Undo Log の生成:実際にデータを挿入する前に、InnoDB は undo log を生成します。INSERT 操作においては、undo log は「現在挿入しようとしているレコードを削除する方法」を記録します(これはトランザクションのロールバック時に使用されます)。

なぜ undo log を生成するのか?

トランザクションをロールバックする際、MySQL は未コミットの操作を取り消す必要があります。undo log を使うことで、すでに挿入されたがまだコミットされていないレコードを削除し、トランザクションの原子性を保証できます。

9. Redo Log

エグゼキュータはデータを挿入した後、その操作を即座に redo log に記録します。

データの信頼性を確保するため、MySQL は WAL(Write-Ahead Logging) というメカニズムを採用しています。データがディスクに実際に書き込まれる前に、その操作を redo log に先に記録します。

処理の流れはどうなっているのか?

MySQL は最初に操作を redo log に書き込み、プリペア(prepare) 状態としてマークします。これは、システムがクラッシュしても、redo log を使って操作をリプレイし、データを復旧できることを意味します。

10. Binlog への書き込み

binlog への書き込み:redo log に書き込まれるのと同時に、MySQL はこの操作を binlog(バイナリログ) にも記録します。これはレプリケーションや災害復旧のために使用されます。

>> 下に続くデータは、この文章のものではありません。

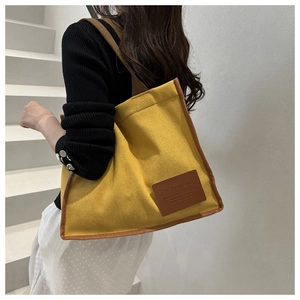 Detail of yellow corduroy tote bag featuring brown faux leather trim and woven shoulder strap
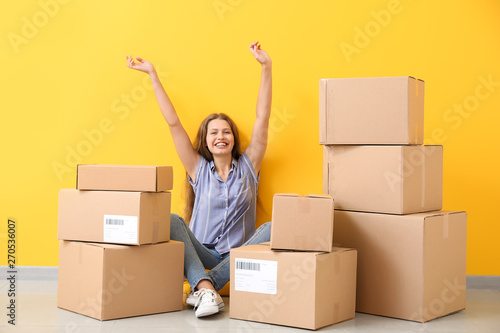 Young woman with many cardboard boxes near color wall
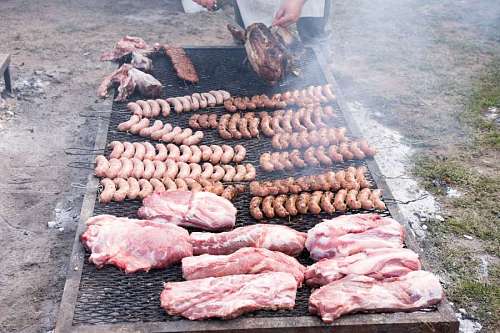 A typical Argentine barbecue man with pork sausages and pork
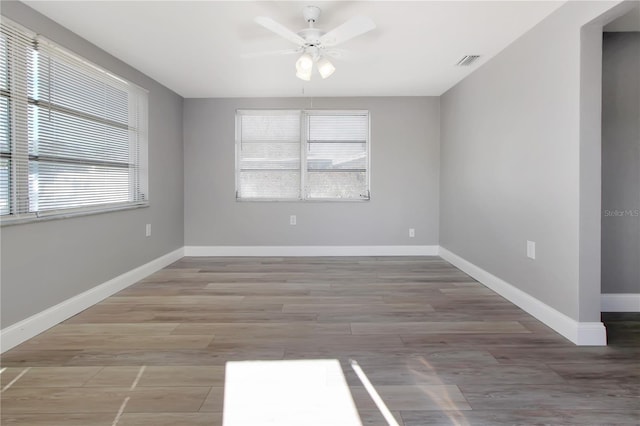 unfurnished room with hardwood / wood-style flooring and ceiling fan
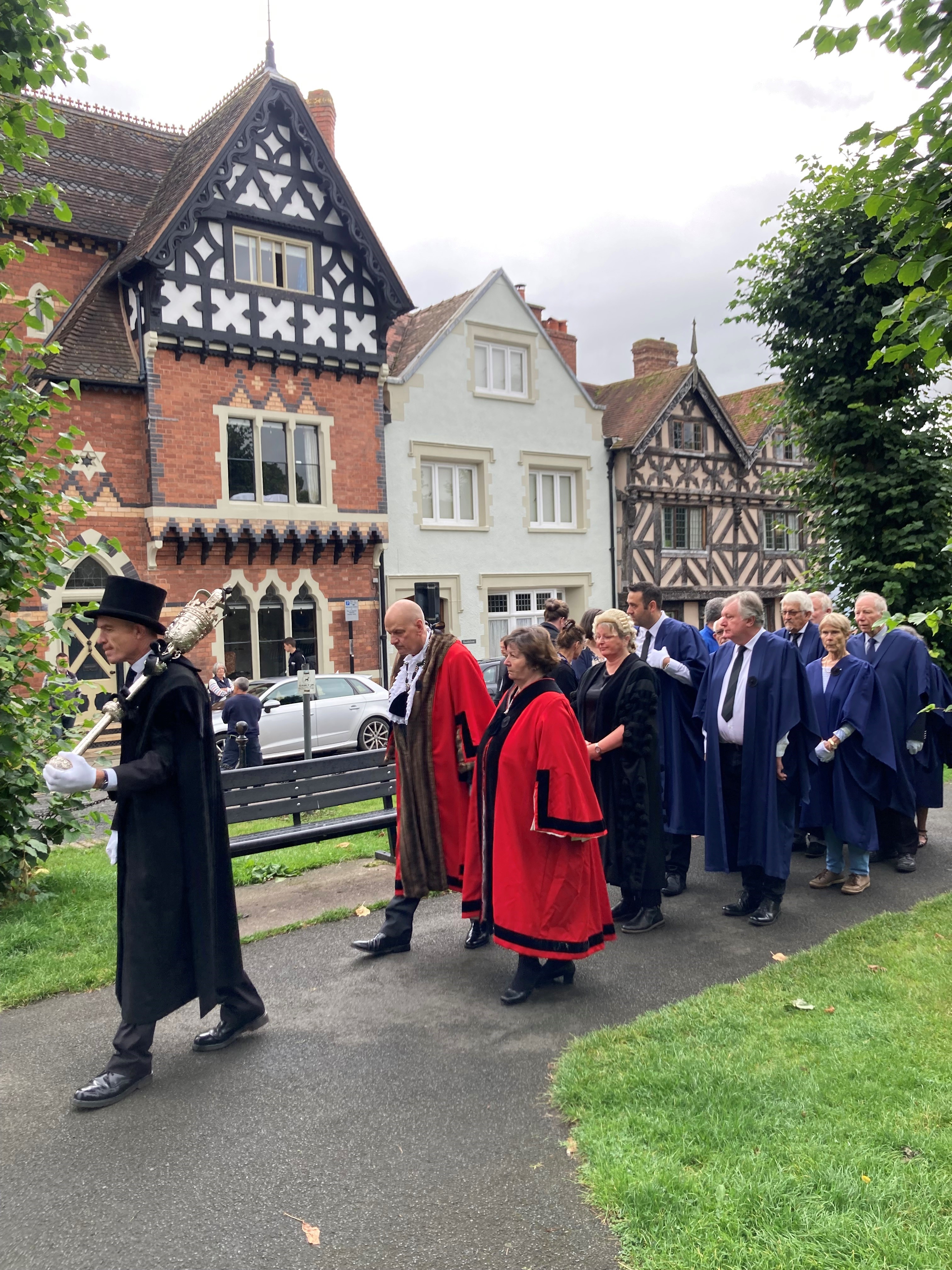 the mace bearer leads the procession of Councilors, the Mayor, the town clerk and other members of staff
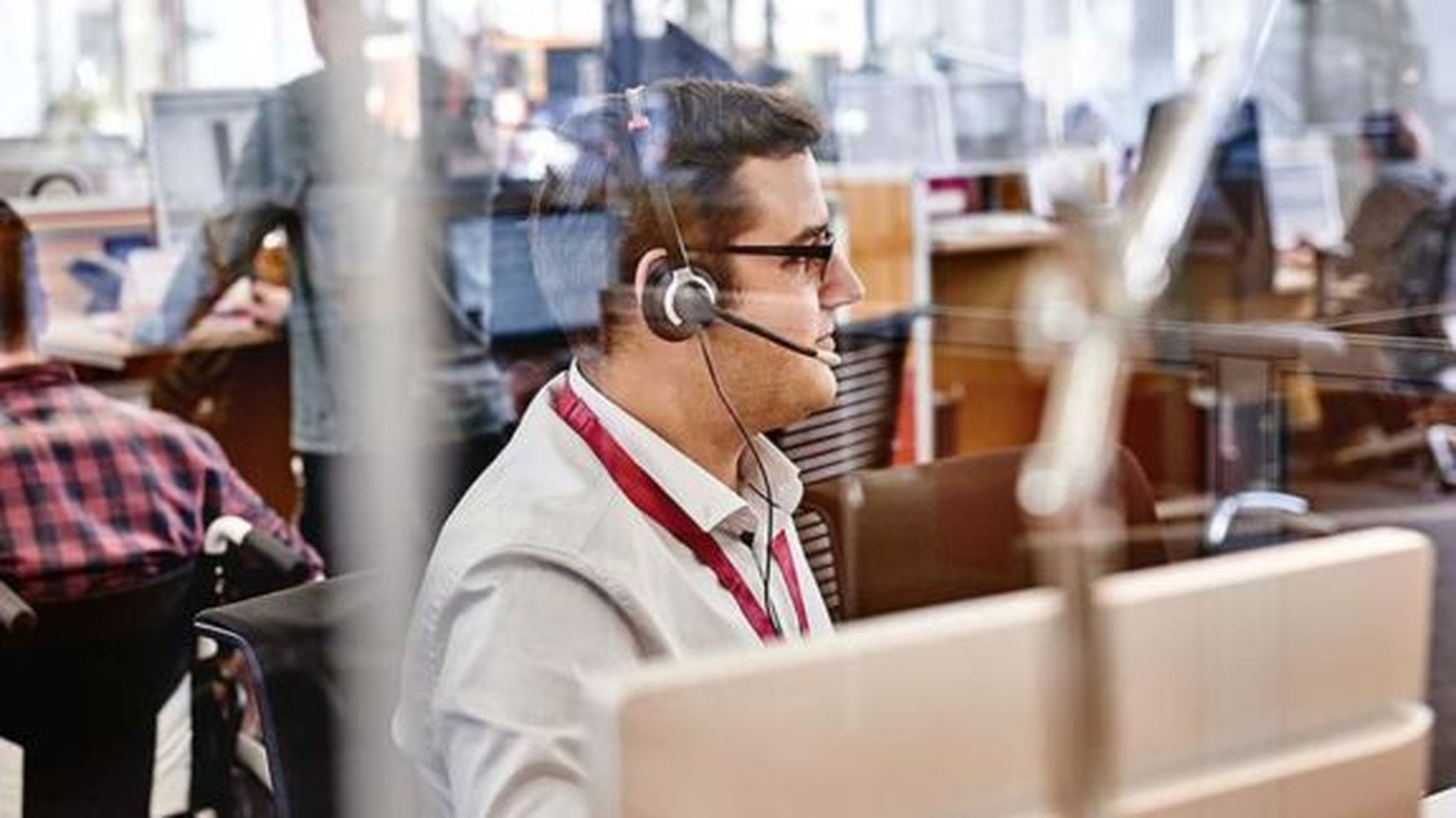 Muž s náhlavnou súpravou pracuje za počítačom v rušnom kancelárskom prostredí, videný cez sklenenú priečku.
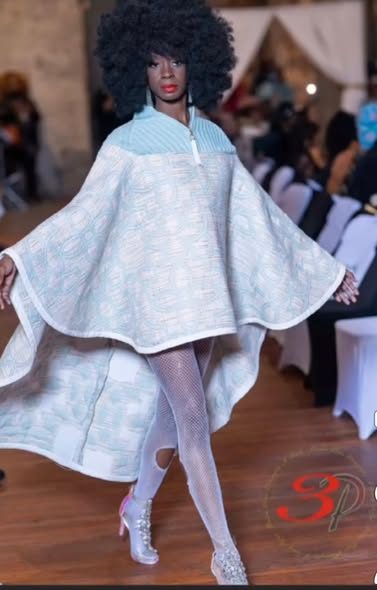 Made to Fit white sculpted cape and skirt on the runway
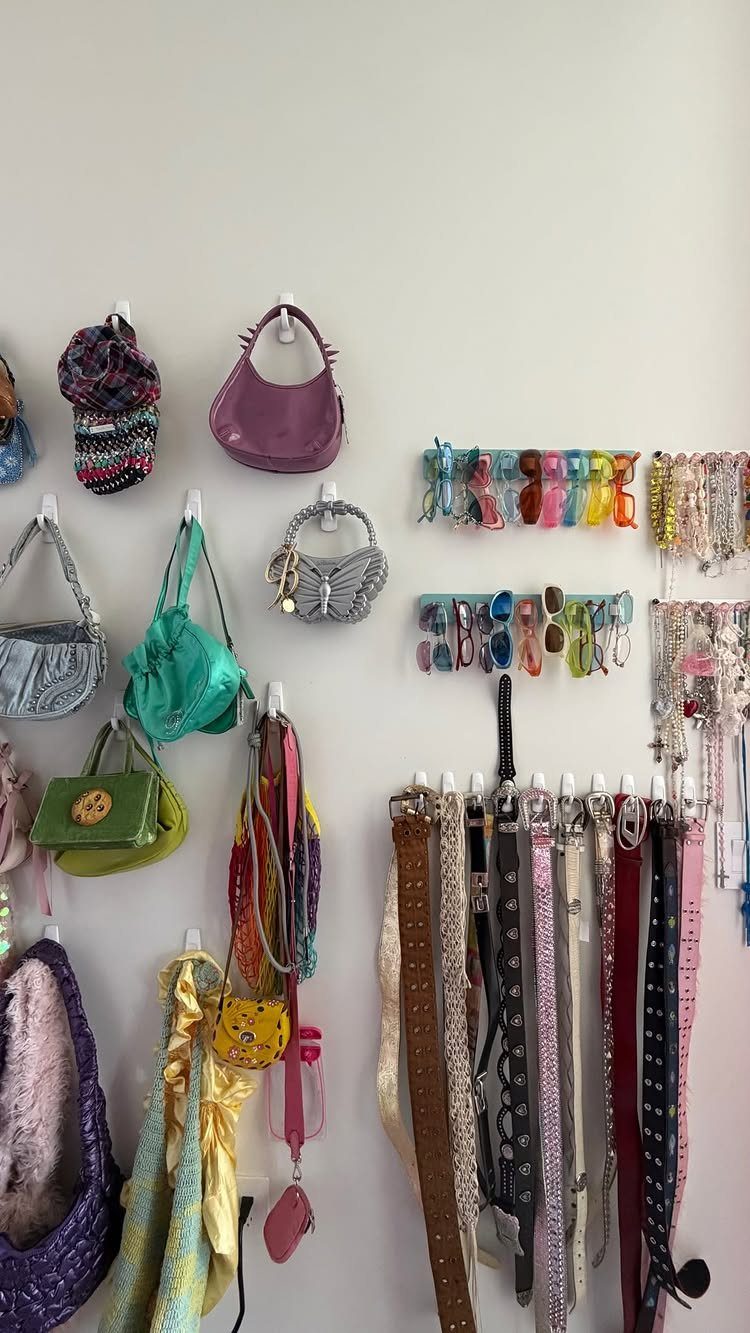 Colorful handbags, scarves, and sunglasses organized on a white wall using hooks and racks.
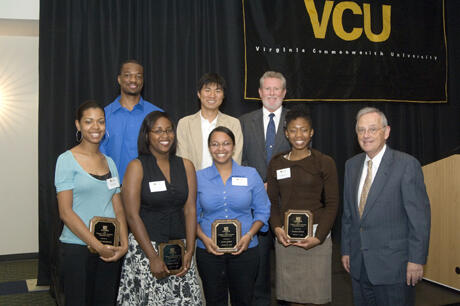 Photo: Front row from left: Amber Westbrook, Ashley Smith, Joann White, Shanae Moore and VCU president Dr. Eugene P. Trani. Second row: Calvin Cropper, Jr., Dong Hyok-So and Dr. Stephen D. Gottfredson, provost and vice president for academic affairs.

Photo by Jennifer Watson, VCU Creative Services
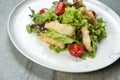Chicken Tempura Salad on white marble plate, stone anthracite background Royalty Free Stock Photo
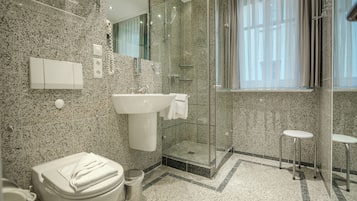 A modern bathroom with a granite countertop, a sink, a toilet, a glass shower enclosure, and a small stool.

binlog は MySQL の論理ログで、SQL 操作の詳細(例:INSERT INTO)を記録します。これは redo log のような物理ログとは異なります。

11. トランザクションのコミット(二相コミット)

二相コミット(Two-Phase Commit, 2PC)メカニズムのもとで、MySQL はトランザクションのコミット時に redo log の状態を commit に更新します。

なぜ二相コミットが必要なのか?

binlogredo log の整合性を保つためです。もしシステムがクラッシュしても、MySQL は redo log を使って操作をリプレイし、binlog を通じて復旧処理が可能になります。

12. データのディスクへの書き込み

エグゼキュータはメモリ内のダーティページ(変更済みページ)をすぐにディスクへ書き込むわけではありません。バックグラウンドスレッドが特定のポリシー(たとえば定期的なフラッシュ)に基づいて、非同期的に Buffer Pool 内のダーティページをディスク上のテーブルスペースファイルに書き込みます。

このようにすることで、頻繁なディスク I/O を回避し、パフォーマンスを向上させることができます。